Defining a Process Interface with dynamic Process Selection

Sometimes a need arises where a certain process needs to be implemented differently depending on certain process data. For example, a regulatory process for a company based in the US might require certain Sarbanes-Oxley ("SOX") compliance activities while a company listed elsewhere might have to comply with other local laws. Infinity provides the ability to support such scenarios by defining process interfaces that can have multiple implementations. The implementation chosen at runtime can be bound to certain process data and can thus be dynamically selected. The example models referred to in this chapter can be downloaded from the following link as a ZIP file:

You find the models in folder process-interface-impl.

Example

The example explained here is a fictional product purchase process. You find all example models as well as a Customer_Data.xsd file in the zip file mentioned above. Please note that you need to add the xsd file to your classpath as it provides the structured type Customer_Data used in the example models.

Please see the example process from model ProductPurchaseModel.xpdl in the screenshot below. The process begins by accepting certain customer information. The user is then prompted to select the follow-up process. The follow-up process is an example of a Process Interface. This interface is defined in its own model (CustDataInterfaceModel.xpdl), which also provides a default implementation (see screenshot below). A reference to this interface is made in the Product Purchase Process. This interface defines a single INOUT parameter of type Customer_Data and an instance of this structured data type (CustData). The Product Purchase process imports this data and binds it to the formal process interface parameter to exchange data with the process interface implementation (CallFollowup Process activity) at runtime.


Product Purchase Process
Figure: Product Purchase Process


CustData_Interface_Process Interface and Formal Parameter definition
Figure: CustData_Interface_Process Interface and Formal Parameter definition

While the process interface defines a default implementation it is intended that the process designer provides his own implementations that meet the actual business need. In our example we provide two implementations for the follow-up process (CustDataImplementationModel.xpdl).

3: Two Implementations of CustData_Interface_Process
Figure: Two Implementations of CustData_Interface_Process

The two implementations (CustData_Escalation_Process and CustData_Shipping_Process) are both defined to implement CustData_Interface_Process.

Implementation Process Properties
Figure: Implementation Process Properties

Thus, it is expected that both these implementations will consume and return a structured data of type Customer_Data. As discussed earlier these are precisely the values that are passed to these processes from the Product Purchase process. We now return to the Product Purchase process to discuss the process of runtime binding to a process interface implementation. As shown in the product purchase process above, the set of possible actions that can be selected by the user is picked from the data Followup. As shown in the screenshot below, this data is a reference to the Followup structured data type which consist of two parts - ActionSelected (an enumeration of type Followup_Actions) and FollowupProcess (a string).

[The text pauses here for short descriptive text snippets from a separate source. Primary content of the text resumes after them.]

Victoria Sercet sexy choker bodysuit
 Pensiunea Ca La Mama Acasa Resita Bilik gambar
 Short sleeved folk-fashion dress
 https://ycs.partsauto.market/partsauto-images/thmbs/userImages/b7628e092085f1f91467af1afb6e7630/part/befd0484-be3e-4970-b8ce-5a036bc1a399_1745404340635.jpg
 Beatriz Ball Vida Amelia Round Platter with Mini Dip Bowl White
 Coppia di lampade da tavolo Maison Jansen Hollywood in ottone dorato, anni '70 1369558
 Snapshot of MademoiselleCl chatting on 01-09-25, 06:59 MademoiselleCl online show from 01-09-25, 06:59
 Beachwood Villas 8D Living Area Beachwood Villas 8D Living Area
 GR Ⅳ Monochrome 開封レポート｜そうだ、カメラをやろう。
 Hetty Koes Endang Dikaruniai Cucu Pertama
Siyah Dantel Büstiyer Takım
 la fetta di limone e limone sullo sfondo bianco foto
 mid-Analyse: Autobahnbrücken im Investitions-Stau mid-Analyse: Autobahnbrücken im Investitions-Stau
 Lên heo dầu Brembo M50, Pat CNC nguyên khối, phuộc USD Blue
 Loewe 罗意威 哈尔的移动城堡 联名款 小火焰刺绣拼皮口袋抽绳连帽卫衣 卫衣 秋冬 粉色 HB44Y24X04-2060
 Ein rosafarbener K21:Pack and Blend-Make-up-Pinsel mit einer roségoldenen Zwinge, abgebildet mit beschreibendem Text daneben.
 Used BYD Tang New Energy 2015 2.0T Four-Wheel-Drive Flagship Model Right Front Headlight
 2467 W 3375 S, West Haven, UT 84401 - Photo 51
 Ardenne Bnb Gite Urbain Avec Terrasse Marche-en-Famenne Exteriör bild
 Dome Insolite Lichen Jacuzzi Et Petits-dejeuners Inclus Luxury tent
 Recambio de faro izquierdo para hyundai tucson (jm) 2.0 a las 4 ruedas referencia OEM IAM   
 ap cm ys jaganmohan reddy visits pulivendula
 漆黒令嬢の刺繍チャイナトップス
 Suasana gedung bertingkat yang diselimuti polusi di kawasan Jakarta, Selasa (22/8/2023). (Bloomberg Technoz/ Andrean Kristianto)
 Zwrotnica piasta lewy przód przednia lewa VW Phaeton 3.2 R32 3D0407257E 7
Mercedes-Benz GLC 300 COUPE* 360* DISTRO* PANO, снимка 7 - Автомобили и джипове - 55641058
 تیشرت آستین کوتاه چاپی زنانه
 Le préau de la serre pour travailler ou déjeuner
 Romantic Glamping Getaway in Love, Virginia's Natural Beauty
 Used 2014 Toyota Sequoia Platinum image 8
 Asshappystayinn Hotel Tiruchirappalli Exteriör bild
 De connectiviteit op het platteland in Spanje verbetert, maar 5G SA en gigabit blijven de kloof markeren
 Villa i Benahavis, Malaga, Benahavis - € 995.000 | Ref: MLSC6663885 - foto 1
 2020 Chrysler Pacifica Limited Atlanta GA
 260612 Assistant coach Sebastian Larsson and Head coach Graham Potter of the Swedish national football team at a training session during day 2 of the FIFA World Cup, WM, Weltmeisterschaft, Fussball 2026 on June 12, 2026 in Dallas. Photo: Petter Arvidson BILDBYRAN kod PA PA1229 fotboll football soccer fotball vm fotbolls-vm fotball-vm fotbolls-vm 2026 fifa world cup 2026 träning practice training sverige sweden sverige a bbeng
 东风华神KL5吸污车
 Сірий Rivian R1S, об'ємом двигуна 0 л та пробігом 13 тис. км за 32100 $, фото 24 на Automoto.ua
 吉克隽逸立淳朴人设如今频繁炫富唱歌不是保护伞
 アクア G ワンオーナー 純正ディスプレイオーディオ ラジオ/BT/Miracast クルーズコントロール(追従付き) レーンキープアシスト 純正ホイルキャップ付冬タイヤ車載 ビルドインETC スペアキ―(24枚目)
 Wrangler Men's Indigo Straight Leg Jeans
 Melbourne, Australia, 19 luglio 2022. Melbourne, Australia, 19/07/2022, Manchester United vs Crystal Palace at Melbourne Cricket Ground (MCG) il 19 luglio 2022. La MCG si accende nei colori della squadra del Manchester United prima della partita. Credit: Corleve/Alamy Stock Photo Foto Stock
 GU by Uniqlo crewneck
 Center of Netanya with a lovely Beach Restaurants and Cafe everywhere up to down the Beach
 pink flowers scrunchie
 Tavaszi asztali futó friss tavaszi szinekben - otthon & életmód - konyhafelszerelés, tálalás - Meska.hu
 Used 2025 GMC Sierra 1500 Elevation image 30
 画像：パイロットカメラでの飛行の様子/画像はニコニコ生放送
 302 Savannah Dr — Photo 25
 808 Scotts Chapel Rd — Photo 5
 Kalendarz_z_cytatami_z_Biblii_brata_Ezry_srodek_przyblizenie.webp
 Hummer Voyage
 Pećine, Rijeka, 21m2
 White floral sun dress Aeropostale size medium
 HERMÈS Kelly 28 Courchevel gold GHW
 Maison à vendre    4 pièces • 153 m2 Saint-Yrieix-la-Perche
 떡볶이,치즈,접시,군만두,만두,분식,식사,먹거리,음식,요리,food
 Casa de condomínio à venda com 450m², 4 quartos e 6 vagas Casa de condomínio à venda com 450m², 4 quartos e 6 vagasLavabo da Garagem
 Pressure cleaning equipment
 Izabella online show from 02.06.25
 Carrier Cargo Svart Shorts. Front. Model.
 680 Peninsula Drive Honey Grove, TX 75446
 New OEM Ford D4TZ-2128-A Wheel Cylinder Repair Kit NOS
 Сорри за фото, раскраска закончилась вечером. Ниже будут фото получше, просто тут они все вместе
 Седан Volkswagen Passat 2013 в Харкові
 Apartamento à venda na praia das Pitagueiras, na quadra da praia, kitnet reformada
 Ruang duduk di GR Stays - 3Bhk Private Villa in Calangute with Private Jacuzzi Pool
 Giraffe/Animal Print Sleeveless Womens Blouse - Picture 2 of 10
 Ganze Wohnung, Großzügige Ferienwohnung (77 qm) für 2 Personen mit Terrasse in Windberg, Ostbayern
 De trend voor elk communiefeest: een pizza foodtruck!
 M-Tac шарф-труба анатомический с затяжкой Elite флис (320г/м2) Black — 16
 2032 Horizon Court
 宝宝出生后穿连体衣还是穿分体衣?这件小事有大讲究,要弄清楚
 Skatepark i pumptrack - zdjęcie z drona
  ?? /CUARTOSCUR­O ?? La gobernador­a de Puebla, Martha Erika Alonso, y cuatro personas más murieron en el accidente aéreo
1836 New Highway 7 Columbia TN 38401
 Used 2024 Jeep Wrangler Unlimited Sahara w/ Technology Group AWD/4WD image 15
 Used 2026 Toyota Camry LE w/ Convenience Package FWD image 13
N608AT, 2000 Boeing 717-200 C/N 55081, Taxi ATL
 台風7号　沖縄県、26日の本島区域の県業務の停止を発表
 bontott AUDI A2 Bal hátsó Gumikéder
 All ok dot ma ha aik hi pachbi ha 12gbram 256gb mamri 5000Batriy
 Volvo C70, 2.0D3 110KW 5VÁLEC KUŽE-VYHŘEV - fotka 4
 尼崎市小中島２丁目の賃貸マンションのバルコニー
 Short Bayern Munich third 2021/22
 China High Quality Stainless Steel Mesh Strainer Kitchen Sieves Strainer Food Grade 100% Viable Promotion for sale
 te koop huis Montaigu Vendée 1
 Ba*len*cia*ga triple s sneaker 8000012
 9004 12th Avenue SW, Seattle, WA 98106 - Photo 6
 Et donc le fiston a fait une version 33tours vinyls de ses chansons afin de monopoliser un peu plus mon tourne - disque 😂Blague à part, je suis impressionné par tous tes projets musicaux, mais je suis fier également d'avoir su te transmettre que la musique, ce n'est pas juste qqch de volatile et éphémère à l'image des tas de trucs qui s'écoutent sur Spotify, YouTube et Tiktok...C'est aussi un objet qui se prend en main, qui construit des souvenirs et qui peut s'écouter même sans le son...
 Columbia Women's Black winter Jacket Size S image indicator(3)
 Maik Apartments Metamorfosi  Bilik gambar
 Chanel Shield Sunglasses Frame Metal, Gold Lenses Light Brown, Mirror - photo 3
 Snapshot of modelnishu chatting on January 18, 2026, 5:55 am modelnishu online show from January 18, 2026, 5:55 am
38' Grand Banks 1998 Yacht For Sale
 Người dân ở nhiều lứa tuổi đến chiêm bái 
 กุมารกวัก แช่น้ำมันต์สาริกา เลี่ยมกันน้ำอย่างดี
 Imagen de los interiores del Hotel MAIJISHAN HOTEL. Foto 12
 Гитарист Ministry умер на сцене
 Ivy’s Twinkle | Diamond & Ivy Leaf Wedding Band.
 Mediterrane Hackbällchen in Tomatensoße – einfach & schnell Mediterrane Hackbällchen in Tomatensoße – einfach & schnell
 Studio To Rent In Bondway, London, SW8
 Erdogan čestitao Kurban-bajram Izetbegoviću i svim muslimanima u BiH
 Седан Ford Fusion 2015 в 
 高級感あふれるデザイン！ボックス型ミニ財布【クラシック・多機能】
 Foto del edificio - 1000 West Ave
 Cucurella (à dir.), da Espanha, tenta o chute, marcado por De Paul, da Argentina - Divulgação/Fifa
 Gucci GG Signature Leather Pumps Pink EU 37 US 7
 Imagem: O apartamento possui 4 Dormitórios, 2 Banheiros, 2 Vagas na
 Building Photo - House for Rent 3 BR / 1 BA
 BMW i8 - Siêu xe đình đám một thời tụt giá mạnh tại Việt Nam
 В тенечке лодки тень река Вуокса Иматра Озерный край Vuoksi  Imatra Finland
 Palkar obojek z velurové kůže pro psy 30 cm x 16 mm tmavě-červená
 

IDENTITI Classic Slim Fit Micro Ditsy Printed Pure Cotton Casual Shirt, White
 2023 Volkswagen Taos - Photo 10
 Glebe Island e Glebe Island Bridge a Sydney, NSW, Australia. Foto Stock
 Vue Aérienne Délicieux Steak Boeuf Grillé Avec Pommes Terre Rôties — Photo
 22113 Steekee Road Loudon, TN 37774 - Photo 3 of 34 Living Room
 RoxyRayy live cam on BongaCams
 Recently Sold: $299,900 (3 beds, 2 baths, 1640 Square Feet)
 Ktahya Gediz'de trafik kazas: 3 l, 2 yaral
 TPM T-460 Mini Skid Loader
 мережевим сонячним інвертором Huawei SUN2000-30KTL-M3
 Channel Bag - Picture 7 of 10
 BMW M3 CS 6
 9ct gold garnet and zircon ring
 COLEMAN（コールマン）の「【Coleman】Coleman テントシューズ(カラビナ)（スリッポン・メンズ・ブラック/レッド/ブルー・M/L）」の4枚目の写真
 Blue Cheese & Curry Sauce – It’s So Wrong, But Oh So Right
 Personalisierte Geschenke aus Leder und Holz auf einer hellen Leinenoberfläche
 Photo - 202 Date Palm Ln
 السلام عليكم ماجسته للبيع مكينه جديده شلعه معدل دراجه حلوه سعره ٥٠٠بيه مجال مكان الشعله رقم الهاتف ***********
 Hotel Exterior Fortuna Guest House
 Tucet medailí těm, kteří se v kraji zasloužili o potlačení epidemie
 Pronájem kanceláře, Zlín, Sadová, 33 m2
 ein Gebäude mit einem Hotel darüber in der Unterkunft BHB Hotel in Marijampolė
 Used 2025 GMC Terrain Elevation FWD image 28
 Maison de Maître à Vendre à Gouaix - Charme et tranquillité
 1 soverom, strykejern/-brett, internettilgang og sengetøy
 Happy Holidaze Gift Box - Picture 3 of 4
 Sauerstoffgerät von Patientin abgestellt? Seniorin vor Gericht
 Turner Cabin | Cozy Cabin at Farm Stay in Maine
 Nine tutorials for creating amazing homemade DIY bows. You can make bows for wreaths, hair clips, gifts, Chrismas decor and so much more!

Definition of the Data FollowUp
Figure: Definition of the Data FollowUp

Converting Follow-up Actions

Now the options Ship or Escalate are presented as follow-up actions. The subsequent activity Determine Followup Process is responsible for converting these values into appropriate Process Implementation names. Note that the Infinity Process Platform convention {ModelId}{ProcessId} is used to uniquely identify the process.

ConvertingFollow-up action into Process Implementation name
Figure: Converting Follow-up action into Process Implementation name

Finally, we define a sub process activity that dynamically invokes the process implementation determined earlier. We declare that the sub process is resolved at runtime and pass in the process data (Followup/FollowupProcess) that identifies the Process Id of the desired implementation.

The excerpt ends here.